As the paint blasts onto her gown, Jessica, 26, screams. Then she holds up a paintball gun and fires back, leaving her groom bruised and painted pink.

A wedding photographer captures it all, then follows the couple as they wash off in a fountain.

"It's different, and we're pretty unconventional," said Jessica, adding that she and her new husband didn't want to destroy the dress - just capture some unusual pictures that reflect their sense of fun.

"Trash The Dress" photo shoots like this have become an offbeat phenomenon. In many, brides in white gowns simply pose where they're bound to get wet or dirty: in the surf, in trees, in cornfields, on horses, in trash-strewn city alleys, on boxcars, on tractors.

Photographers say most such shoots aren't necessarily about destroying or damaging the dress.

"It is just taking it in a place that you wouldn't normally go. Not worrying about it too much," said photographer Adam Hudson of Ridgeland, Miss., who has shot recent dress-trashes in the mud and at the State Fair.

"I think that a lot of brides are getting tired of the stand-in-front-of-the-altar shots," he said.

Racheal Hollowell, who shot the Sanders' paintball adventure with her husband, Eddie Hollowell, agreed.

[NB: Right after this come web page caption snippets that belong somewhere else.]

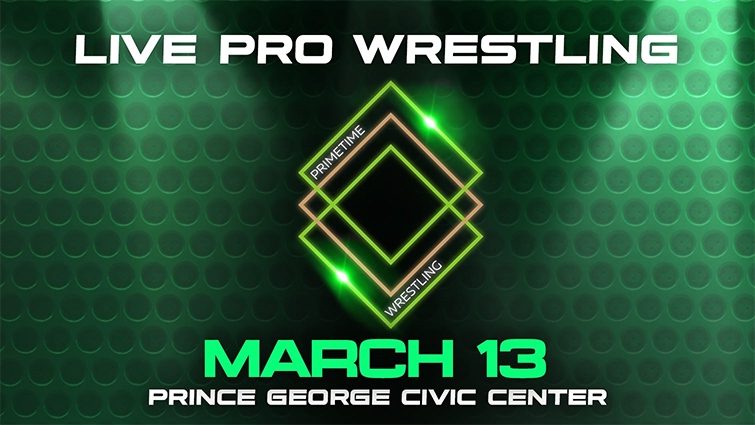 Live Pro Wrestling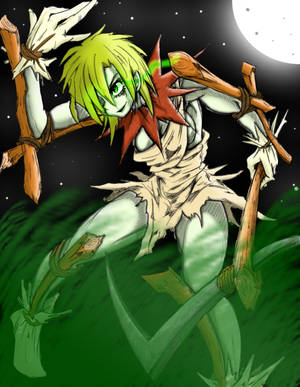 Fiddlesticks Rule 63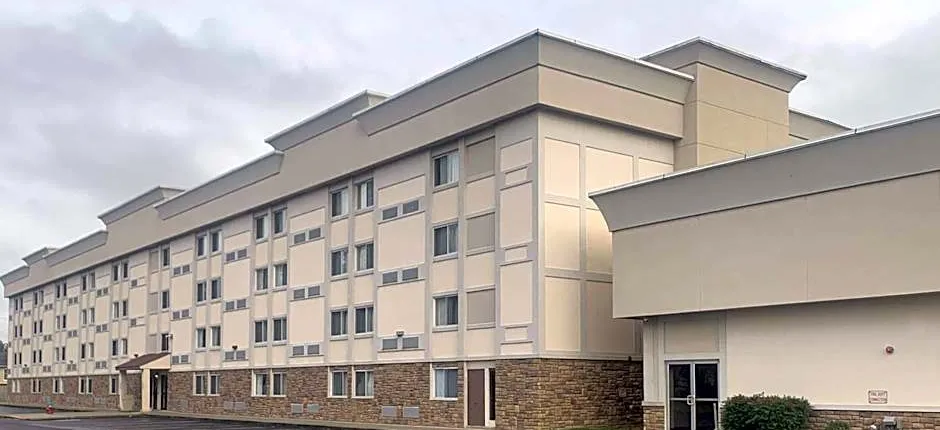 Wyndham Garden Dover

"'Trash the dress' is such a harsh term," she said, adding that most brides opt for just a dip in a swimming pool, and the dresses are usually salvageable.

A year ago, Louisiana-based photographer Mark Eric created a website devoted to the Trash the Dress trend. "It's about creation, not destruction," declares the site, which has led to two sister sites: Trash the Dress Europe and Trash the Dress Australia.

The U.S. site features pages of photos from around the country. David Baxter of Ohana Photography in San Diego wrote on the site that such shoots are "about letting a bride express her beauty in the dress she has dreamt of wearing for so long, but will put away all too quickly."

Limelight Photography in Tampa, Fla., started offering "Trash the Dress" shoots several months ago at a bride's request, said owner Rebecca Zoumberos. That shoot was on the beach and ended with the couple having a sand fight. Since then, Limelight has shot four "trash" shoots and plans a dozen more.

Zoumberos likened trashing a wedding gown to bra-burning.

"For the brides, it is really liberating," she said.

And potentially costly. In 2007, the research group The Wedding Report said the average bride spends $1,564 on her gown, and another $285 on veils and headpieces.

Jessica Sanders said her parents bought her dress, and her mother "wasn't thrilled" with the idea of trashing it. But her father, John Toney, of Tallulah, La., showed up to help.

"This is going to open up a whole new thing for people when they see all they can do," Toney said.

The groom, Dustin Sanders, is an assistant manager at a fast-food restaurant and an avid paintball player. So the method of destruction was obvious to the couple once they decided, soon after their August wedding in Vicksburg, to trash Jessica's dress.